*** Opening SOURCE RECORDS ***

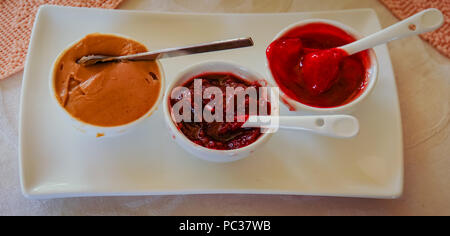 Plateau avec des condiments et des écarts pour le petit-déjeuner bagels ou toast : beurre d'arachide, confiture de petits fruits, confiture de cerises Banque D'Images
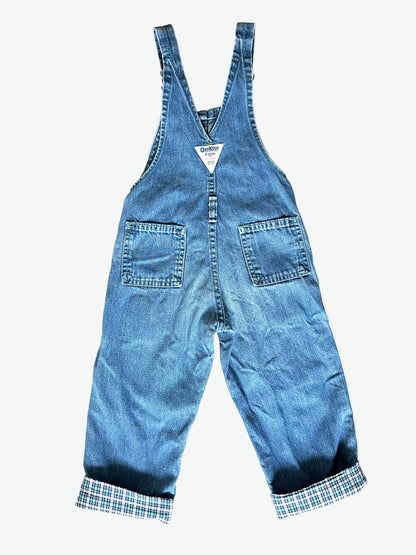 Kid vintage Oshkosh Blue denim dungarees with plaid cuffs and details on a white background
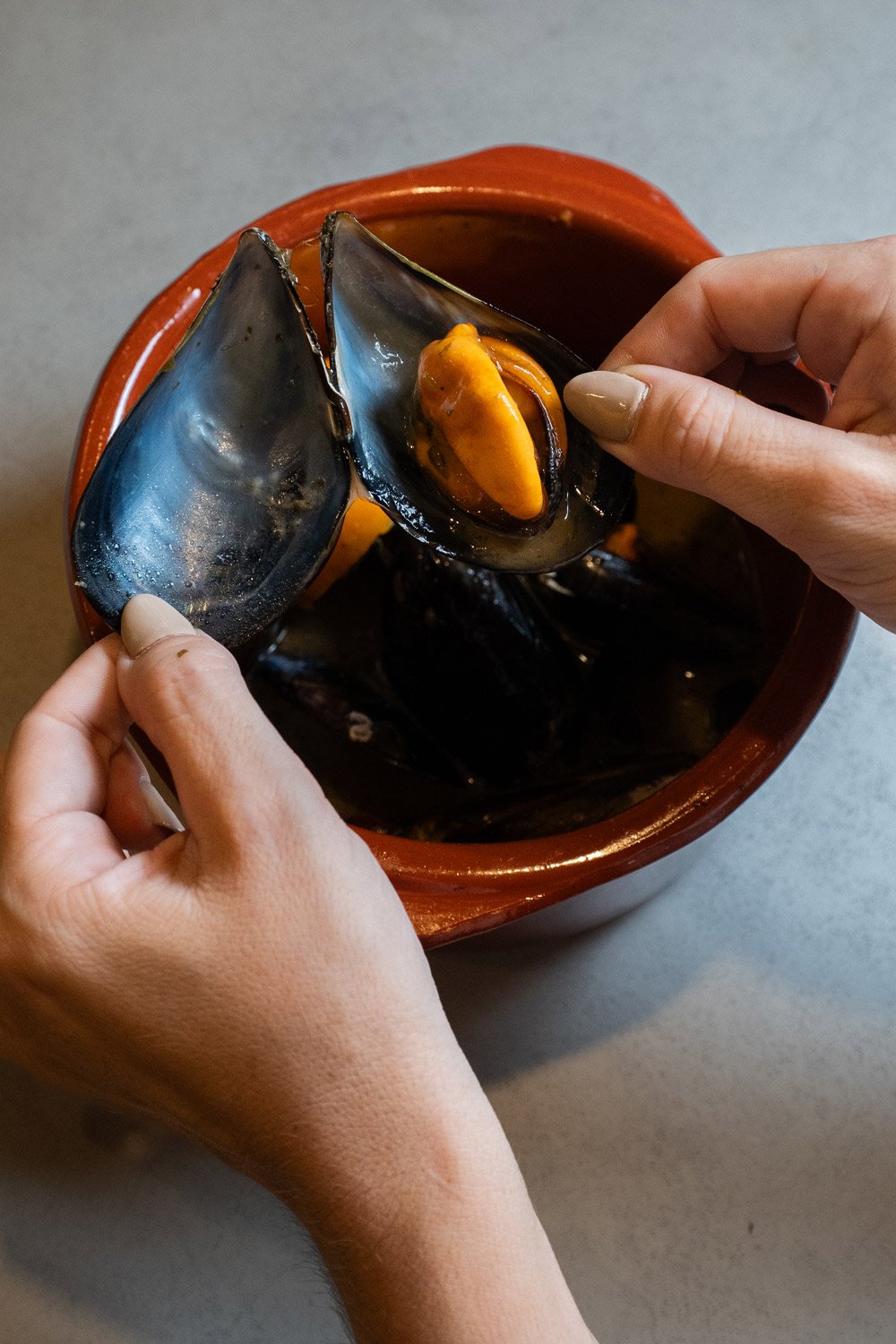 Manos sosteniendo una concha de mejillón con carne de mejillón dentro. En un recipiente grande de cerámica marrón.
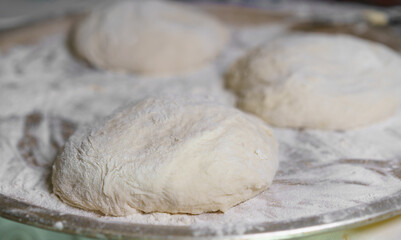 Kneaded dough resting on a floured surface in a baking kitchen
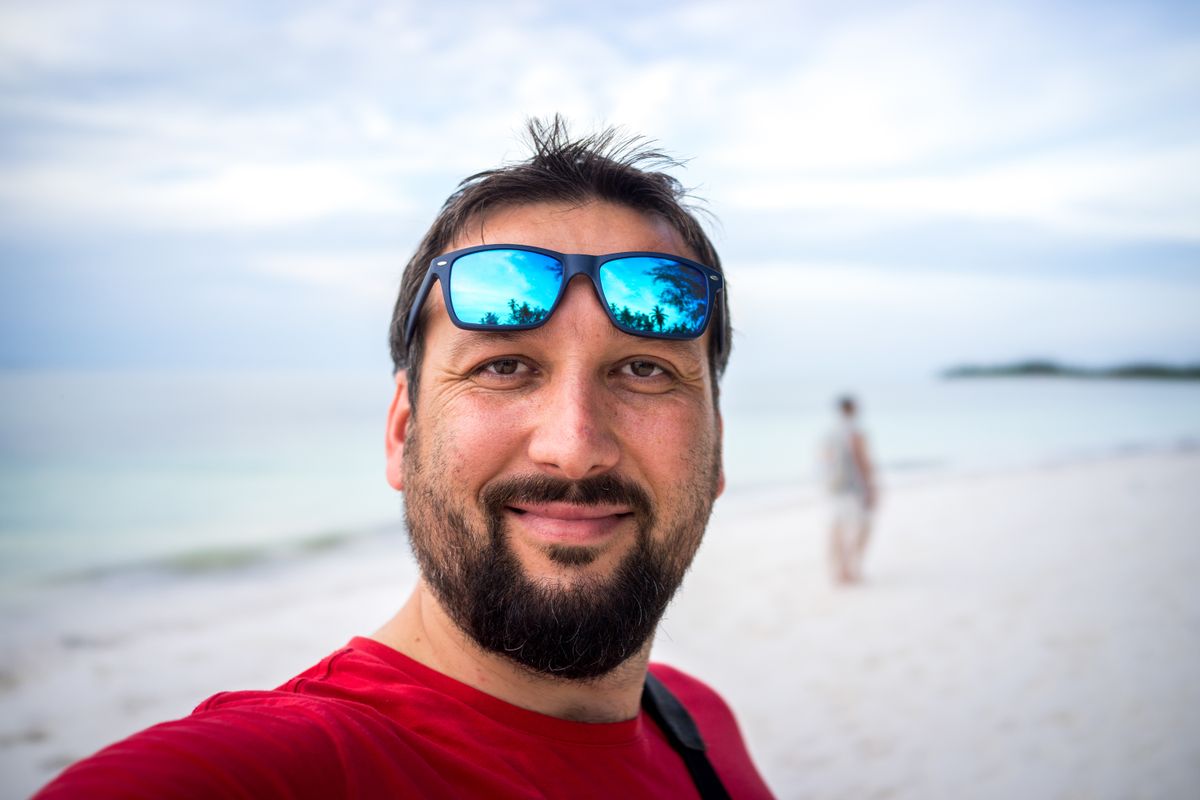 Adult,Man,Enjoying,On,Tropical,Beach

*** Closing SOURCE RECORDS ***

EXERCISE AIM: When pictures appear in the records above, leave them out and reproduce exactly each line from the first through the line containing "Kid vintage Oshkosh", both included.

SOLUTION FOR THIS PROBLEM:
 Plateau avec des condiments et des écarts pour le petit-déjeuner bagels ou toast : beurre d'arachide, confiture de petits fruits, confiture de cerises Banque D'Images
 Kid vintage Oshkosh Blue denim dungarees with plaid cuffs and details on a white background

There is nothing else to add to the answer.